Con questo termine si intendeva, in questa proposta, una serie di interventi volti a favorire la presenza dei padri nelle prime fasi di cura, con incentivi alla fruizione del congedo in misura simile a quella materna. In pratica, si voleva ridurre l’asimmetria che spesso costringe le donne a farsi carico del lavoro di cura e penalizza la loro carriera. L’obiettivo era promuovere una vera parità di responsabilità, cioè la condivisione di compiti domestici e professionali tra i genitori, con ricadute positive su occupazione femminile, relazione di coppia e sviluppo dei figli.

Un cambio di prospettiva sulla paternità

Ai sostenitori della norma interessava introdurre un modello di paternità attiva, che vada oltre la mera sussistenza economica e valorizzi la cura quotidiana. L’idea è che quando il padre partecipa in modo concreto alle responsabilità di cura, si creano condizioni migliori per l’equilibrio familiare e per le opportunità lavorative di entrambi i genitori. Per molti esperti, la misura avrebbe rappresentato anche un segnale simbolico forte: riconoscere il ruolo dei padri come co-custodi della crescita dei figli, cambiando norme sociali spesso radicate e stereotipi di genere.
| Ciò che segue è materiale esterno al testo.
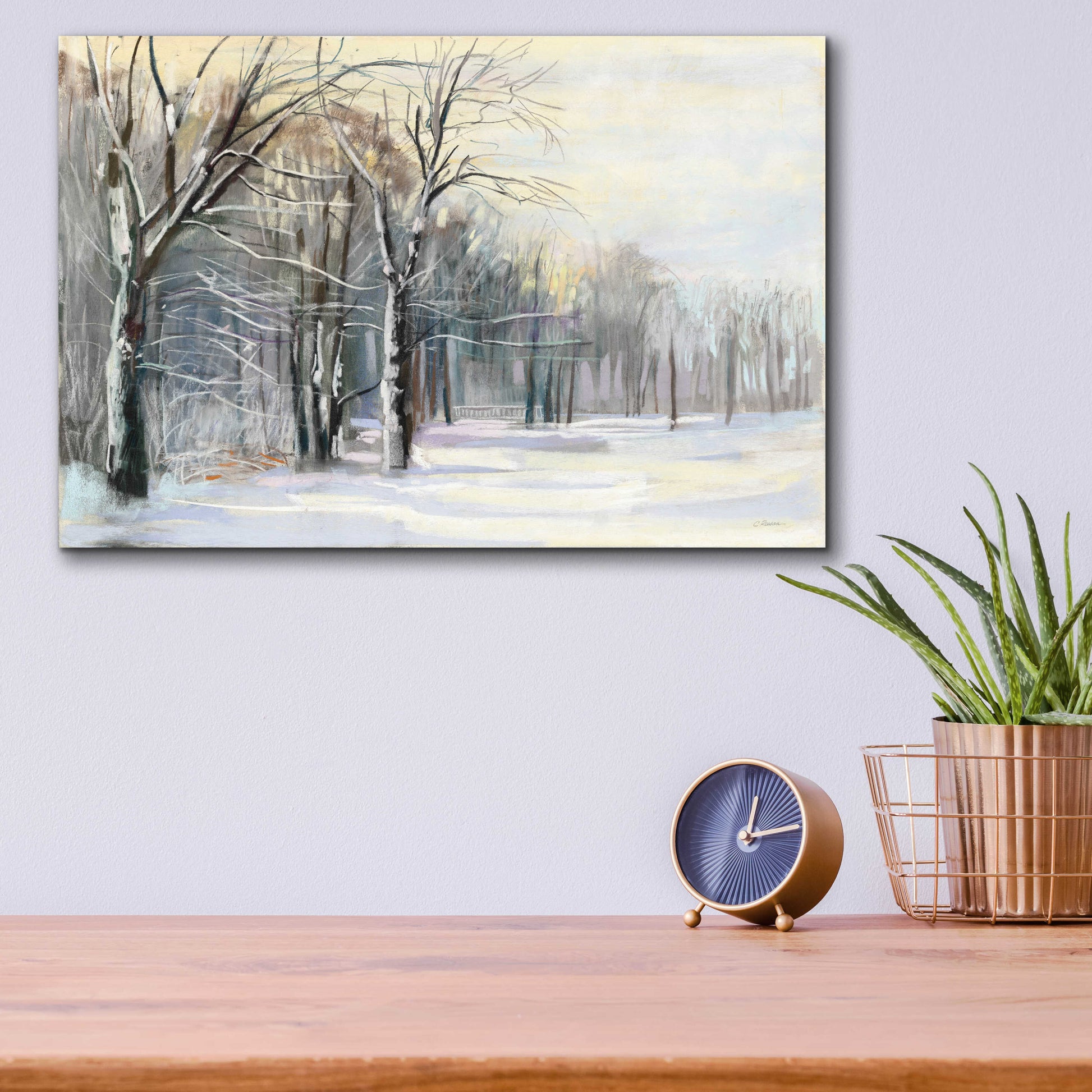 Epic Art 'Winter In The Park' by Carol Rowan, Acrylic Glass Wall Art,16x12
Motivazioni politiche e ostacoli tecnici

Il voto contrario ha messo in luce ragioni diverse: oltre a valutazioni di bilancio, la discussione ha toccato nodi politici e ideologici. La maggioranza che ha respinto la proposta ha fatto leva su un parere tecnico, sostenendo che la riforma avrebbe avuto impatti economici non sostenibili o implicazioni amministrative complesse. Tuttavia, i critici della bocciatura hanno sottolineato come spesso gli ostacoli economici nascondano resistenze culturalmente determinate, e che l’assenza di interventi mirati mantiene lo status quo su ruoli di genere tradizionali.

Il ruolo della Ragioneria di Stato

La citazione della Ragioneria di Stato è stata uno degli argomenti più utilizzati per giustificare il no. Il parere tecnico ha valutato costi e sostenibilità, evidenziando elementi che, per i contrari, rendevano la proposta impraticabile nelle forme presentate. È importante distinguere tra un’analisi tecnica che identifica criticità legate a risorse e organizzazione e la scelta politica finale: la decisione di bocciare la proposta è stata comunque politica, influenzata da priorità e scelte strategiche della maggioranza parlamentare.
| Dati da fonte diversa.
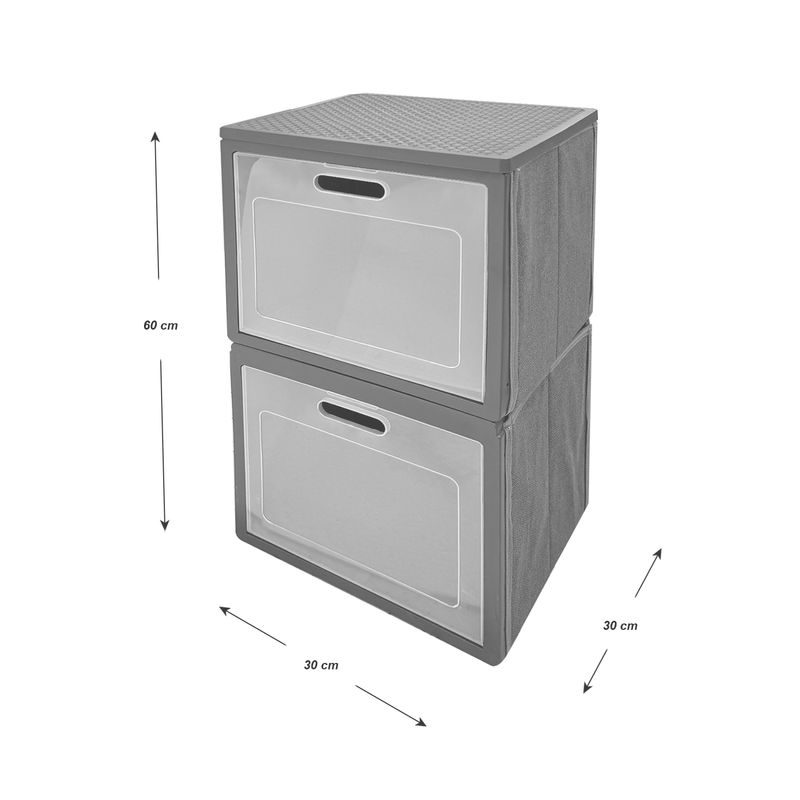 Caja-organizadora-plegable-GRIS-de-60-x-30-cm-de-2-niveles-con-tapa.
Conseguenze pratiche e possibili vie alternative

La bocciatura non chiude il tema: le conseguenze della mancata approvazione si riflettono sui tempi di cambiamento culturale e sulle opportunità tangibili per le famiglie. Senza strumenti che favoriscano la condivisione del lavoro di cura, la distribuzione di oneri e opportunità resta squilibrata. Tuttavia, esistono alternative praticabili: modifiche graduali, incentivi fiscali mirati, campagne di sensibilizzazione sul ruolo paterno e sperimentazioni locali potrebbero essere passi intermedi per costruire consenso e dimostrare efficacia prima di interventi su scala nazionale.

Che cosa resta da fare

Per chi vuole promuovere una paternità condivisa, la strada è duplice: lavorare su proposte tecniche solide che rispondano alle obiezioni economiche e coltivare un cambiamento culturale che renda la misura socialmente accettabile. In assenza di un testo approvato, la discussione rimane aperta e richiede collaborazione tra istituzioni, parti sociali e movimenti civici per trasformare l’occasione mancata del voto in un progetto più resilienti e condiviso.

Il dibattito continua: la scelta parlamentare del 24 febbraio e la copertura mediatica del 17/03/2026 evidenziano come il tema del congedo parentale resti centrale nella riflessione su lavoro, famiglia e uguaglianza. Se le politiche pubbliche vogliono favorire una reale compartecipazione, serve un mix di strumenti normativi, incentivi e cultura che renda possibile una vera svolta per la paternità e la cura condivisa dei figli.